Liquidi contenenti Pcb sversati per anni nella falda sotterranea del Sin di Taranto

La Commissione Ecomafie: inquinamento in atto nella Gravina Leucaspide

Giovedì 20 Ottobre 2022, 13:46

TARANTO - Il drenaggio di reflui oleosi (morchie) nelle vasche permeabili della Gravina Leucaspide di Statte, che ricade parzialmente nel Sin (Sito di interesse nazionale) di Taranto, ha «probabilmente veicolato per anni i liquidi contenenti PCB, e presumibilmente anche altri inquinanti, verso la falda sotterranea». Lo scrive la Commissione bicamerale Ecomafie nella “Relazione finale sulla situazione delle bonifiche e della gestione dei rifiuti presso gli impianti ex Ilva e nelle aree contermini”, depositata dopo la missione a Taranto del luglio scorso.

Ma l’organo ispettivo avverte: i residui delle morchie oleose «sono tuttora presenti nelle vasche drenanti realizzate sommitalmente agli accumuli di rifiuti oltre che, per logica, in profondità negli stessi», e quindi «l’inquinamento, anche come possibile apporto alla falda, si può considerare tuttora in atto».

Il complesso di “Discariche Gravina Leucaspide e vecchie vasche” è compreso nelle cosiddette aree escluse sotto la gestione di Ilva in As, insieme ad altri 17 siti/attività, e consiste in accumuli per circa 5 milioni di metri cubi di rifiuti lungo il corso della gravina e la costituzione di vasche di drenaggio di morchie oleose, a sud ovest della gravina. Le morchie oleose sono, per definizione, rifiuti pericolosi che contengono oli, compreso l’olio con PCB (policlorobifenili), a sua volta classificato come rifiuto pericoloso in assoluto. Il complesso è sottoposto, dal 2018, a sequestro penale. L’attività in corso è essenzialmente quella di caratterizzazione del sito, propedeutica ad analisi di rischio e definizione del piano di bonifica.

La questione dei veleni nella falda è una delle più controverse affrontate dalla Commissione Ecomafie. Della conferenza decisoria indetta dal Ministero della Transizione ecologica per il 15 luglio scorso, «al momento della stesura di questa relazione – è stato precisato - non sono noti gli esiti» e non si può «non rimarcare l’estrema lunghezza della tempistica del processo decisionale per il piano di caratterizzazione che, peraltro, rappresenta solo la fase preliminare del procedimento di bonifica».

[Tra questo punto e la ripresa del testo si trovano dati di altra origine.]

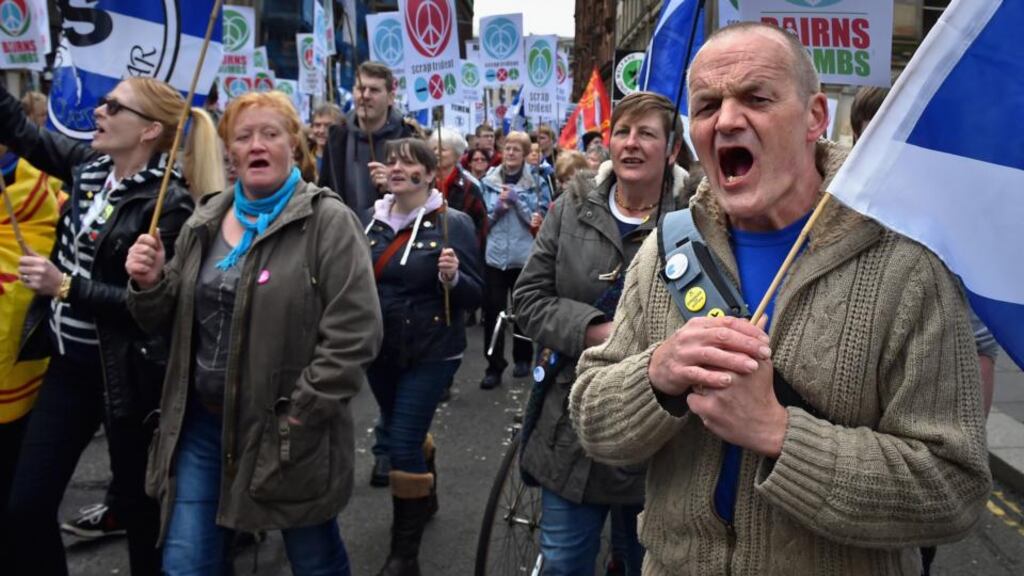 Anti-nuclear demonstrators march in Glasgow. Patrick Harvie of the Scottish Greens addressed the crowd. Photograph: Jeff J Mitchell/Getty Images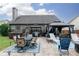 Outdoor patio area with a large gazebo, hot tub, dining set, and lounge chairs, ideal for entertaining and relaxation at 2256 Long Bow Chase Nw, Kennesaw, GA 30144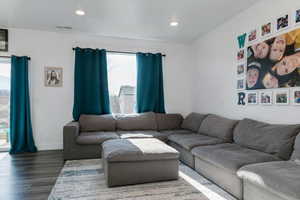 Living room featuring wood finished floors and recessed lighting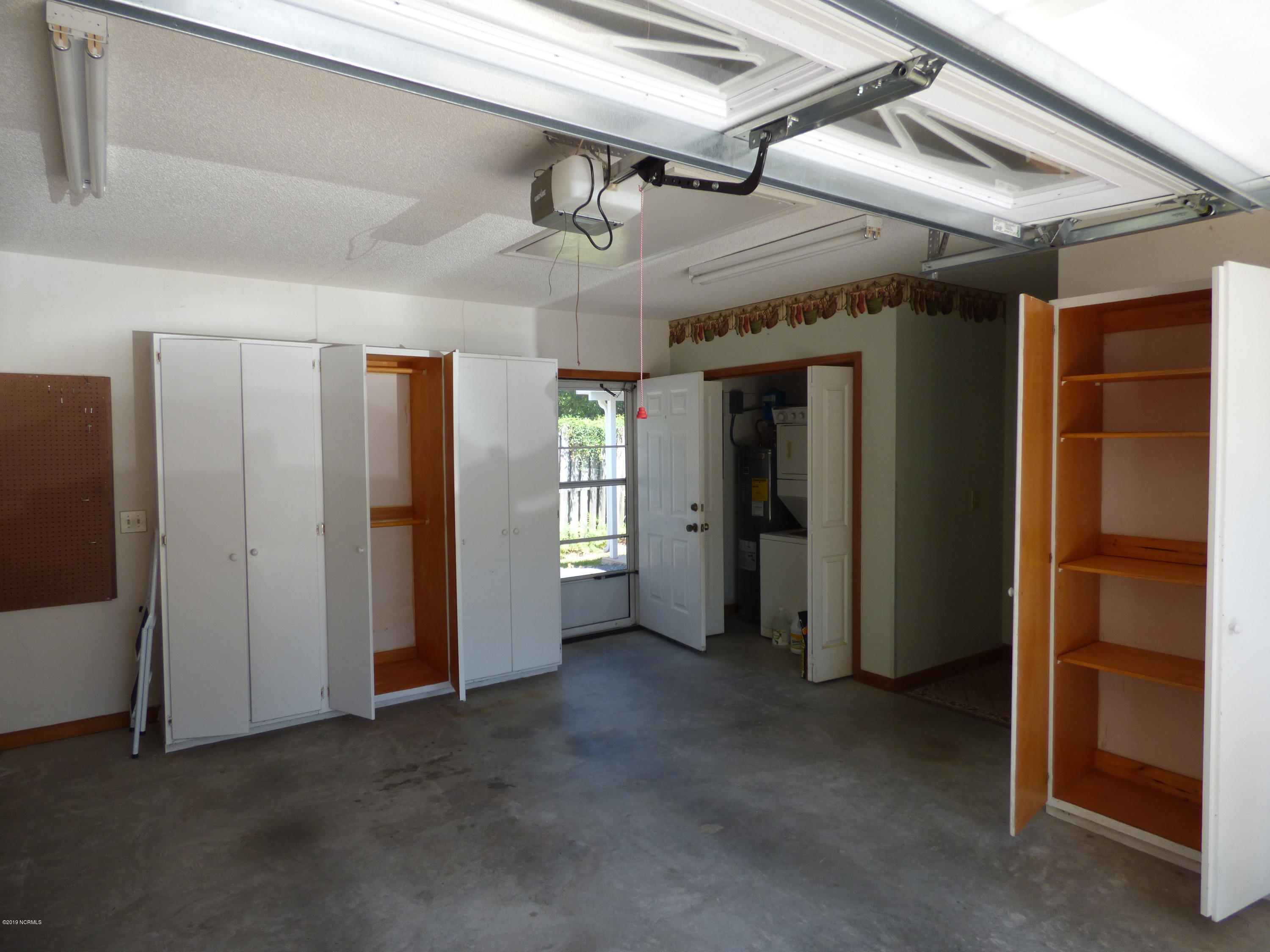 93 Cedar Tree Lane Southwest Calabash, NC 28467 - Photo 35 of 59 Garage with lots of storage!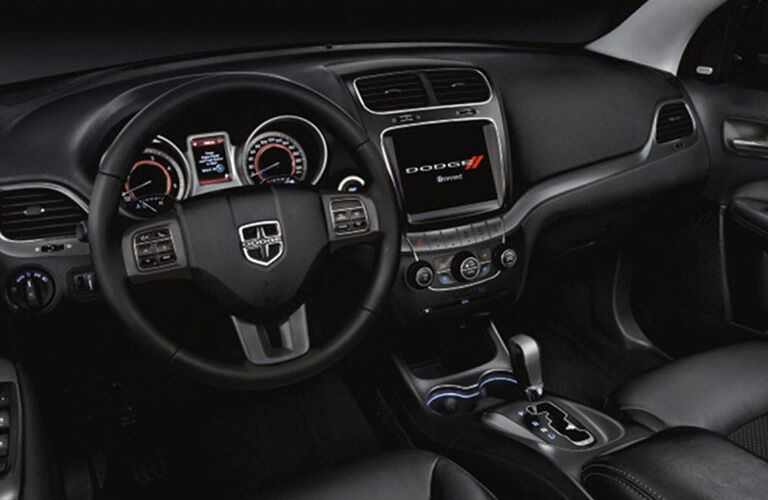 2019 Dodge Journey interior shot of steering wheel, infotainment, and dashboard layout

L’ammasso di rifiuti industriali, che si innalzano dal piano campagna per circa una trentina di metri, è stato realizzato durante la vecchia gestione dell’Italsider statale. Il deposito si estende per un’area di circa 2 chilometri e mezzo. Sopra questo cumulo di rifiuti sono state realizzate una serie di vasche in terrapieno, con il fondo permeabile, dove l’acciaieria sversava rifiuti costituiti da morchie oleose contenenti grandi quantità di PCB, per quanto noto, oltre altri inquinanti, come riferito dal sostituto procuratore Mariano Buccoliero (uno dei pm del processo Ambiente Svenduto) nel corso dell’audizione del 13 luglio scorso. «Lo scopo di queste vasche – spiega la Commissione - era di far drenare i liquidi contenuti nelle morchie, in modo da essiccarle. Successivamente, i fanghi essiccati venivano depositati come rifiuti nella discarica gestita da Italsider su un’area di proprietà Cementir».

Per la Commissione Ecomafie, «verosimilmente, anche le discariche della Gravina Leucaspide possono aver contribuito alla contaminazione del Mar Grande attraverso il movimento delle acque sotterranee e di lì, attraverso il “gioco di correnti”, alla contaminazione del Mar Piccolo. In questo momento comunque, la Commissione non ha potuto analizzare informazioni relative al possibile apporto attuale di inquinanti al Mar Piccolo, fattore che sarebbe stato considerato nella prosecuzione dell’inchiesta».

Durante la sua audizione, il pubblico ministero Mariano Buccoliero ha riferito che la proprietà, «quando ha acquisito l’impianto nel 1995, era del tutto consapevole della situazione di inquinamento in atto» avendo fatto eseguire uno studio ambientale che segnalava «un ammasso di rifiuti industriali incontrollati». Di conseguenza, «i titolari, famiglia Riva, hanno deliberatamente occultato la situazione della Gravina Leucaspide, evidentemente con la finalità di evitare i costi di bonifica».